Secretary of State – Alex Padilla

I was hoping to sweep the June Primary and win them all so I wouldn’t have to rewrite all these endorsements. Alas, we only won a few. Here’s what I said for the June Primary: I endorsed Alex Padilla in 2014 and he did well by us! So I am going to endorse him again so that he can continue taking very seriously his role overseeing our elections. I have been impressed how much he is doing to protect elections from meddling while also expanding voter access. He is doing good work that I’d like to see him continue doing.

Controller – Betty Yee

Another June Primary write-up…and: Another candidate that I have endorsed before who continues to do good work that I’d like to see continue doing that work.

Treasurer – Fiona Ma

Fiona Ma is a career politician who continues to get my vote more for her opponent in the election than her record.

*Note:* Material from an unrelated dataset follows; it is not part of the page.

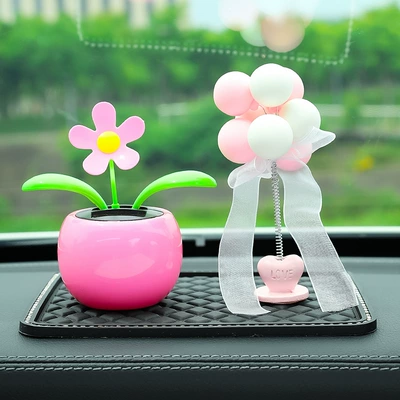 Creative sunflower automatic swing – Car ornaments - pink-sun-pollen-white-balloon-non-slip-mat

Attorney General – Xavier Becerra

I continue to be impressed with Xavier Becerra, even since the June Primary, when I said: Xavier Becerra was appointed to Kamala Harris’s seat after she got elected to congress. And, he’s made us proud by defending our state’s rights against the evil Trump administration, so proud. I want Becerra to keep fighting the good fight.

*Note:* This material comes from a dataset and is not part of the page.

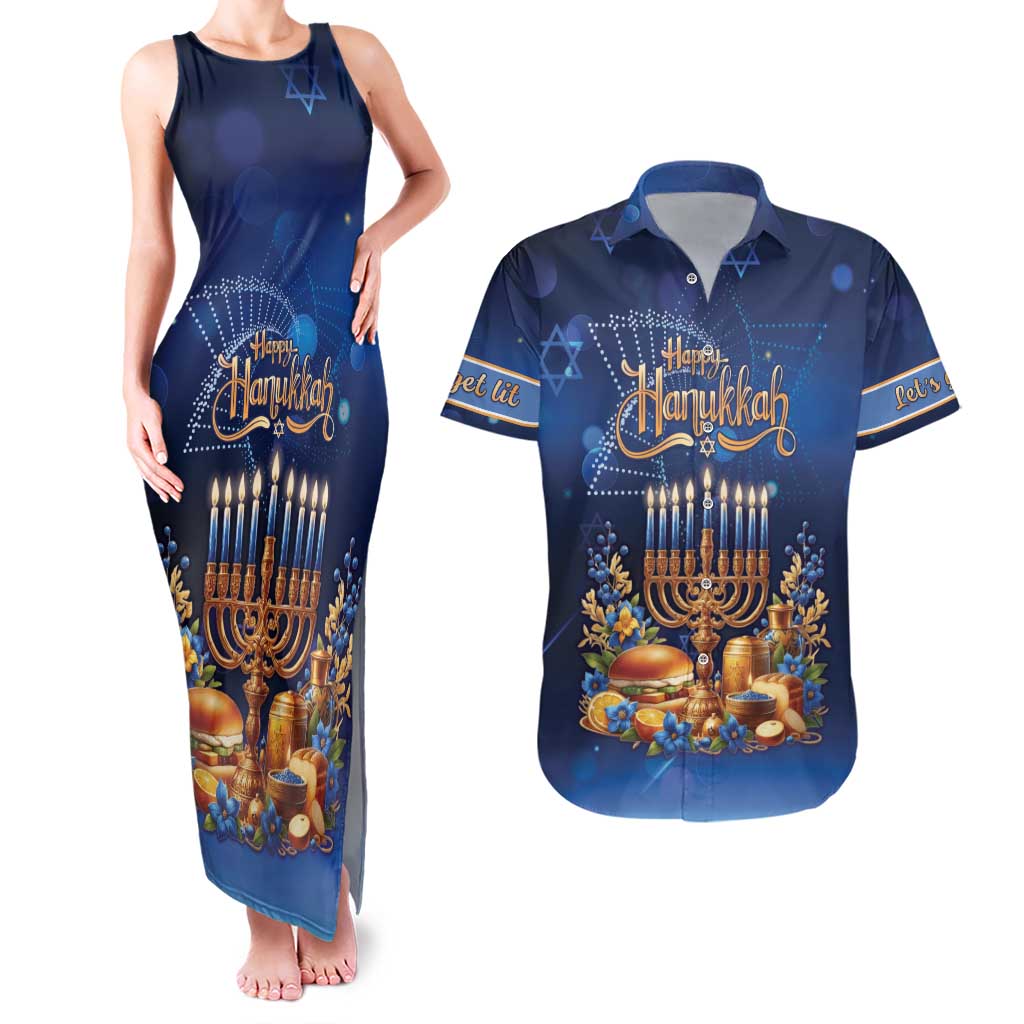 Jewish Hanukkah Festival Couples Matching Tank Maxi Dress and Hawaiian Shirt Let's Get Lit LT05 - Wonder Print Shop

Insurance Commissioner – Ricardo Lara

I had fun voting for Nathalie Hrizi in the June Primary for Insurance Commissioner as she wants to abolish insurance companies. But, now we’re at the general election and she’s not on this ballot to tempt us, so I’m picking the smiling Democrat rather than perennial candidate Steve Poizner.

Board of Equalization Member, District 2 – Malia Cohen

I abstained voting in this race during the June Primary: the State Board of Equalization had most of its power stripped from it after an audit revealed much corruption internally, and because none of the candidates are people for whom I would vote, I chose to abstain. But, someone is going to win the seat, and I rather it be Malia Cohen than Mark Burns.

United States Senate – Kevin de Leon

I was so shocked and outraged that Dianne Feinstein wasn’t representing Californians against the Trump administration right from the beginning of his term that I was super fired-up during the June Primary to vote for Kevin de Leon. I said I was super proud of Kevin de Leon for standing up for California and defending our sanctuary state policy, and I am. But since the June Primary, I had the opportunity to review how he handled sexual harassment at his workplace and it seemed weak and palliative. And even as underwhelmed as I have become by de Leon, I am still so pissed at Feinstein for not representing us, California, her constituents, that I am not dignifying her candidacy with my vote, even though I am certain she will win.

United States Representative – Nancy Pelosi

I have abstained from voting for Pelosi in the past because she is the codification of big money in government. But the federal government is a scary government body right now and I am so freaked out I am voting safe this election.

State Assembly Member, District 17 – Alejandro Fernandez

I was going to sit out this race this election because I think David Chiu should do more for San Francisco because lots of city issues are tied up by state policy and he could make real, tangible changes for the good of San Francisco, but so far not really. And now that he has come out against Prop C (see below) and I am just over him. Alejandro Fernandez won’t likely win, but he’s got some nice progressive ideas and he also supports Prop C.

State Assembly Member, District 19 – Phil Ting

Should I be in his district, I had also been planning to recommend abstaining in this race for the same reason as District 17 above: we deserve better. There are so many city issues being tangled by state policy, from the housing crisis to innovative street design, and we need strong leaders representing San Francisco. And guess what?? Phil did better!! He passed us a policy allowing SF to tax ride-hailing companies’ annual revenue! And he provided the public easier access to law enforcement’s body cam footage! So I suggest voting for him! See how excited I get when elected leaders do good stuff?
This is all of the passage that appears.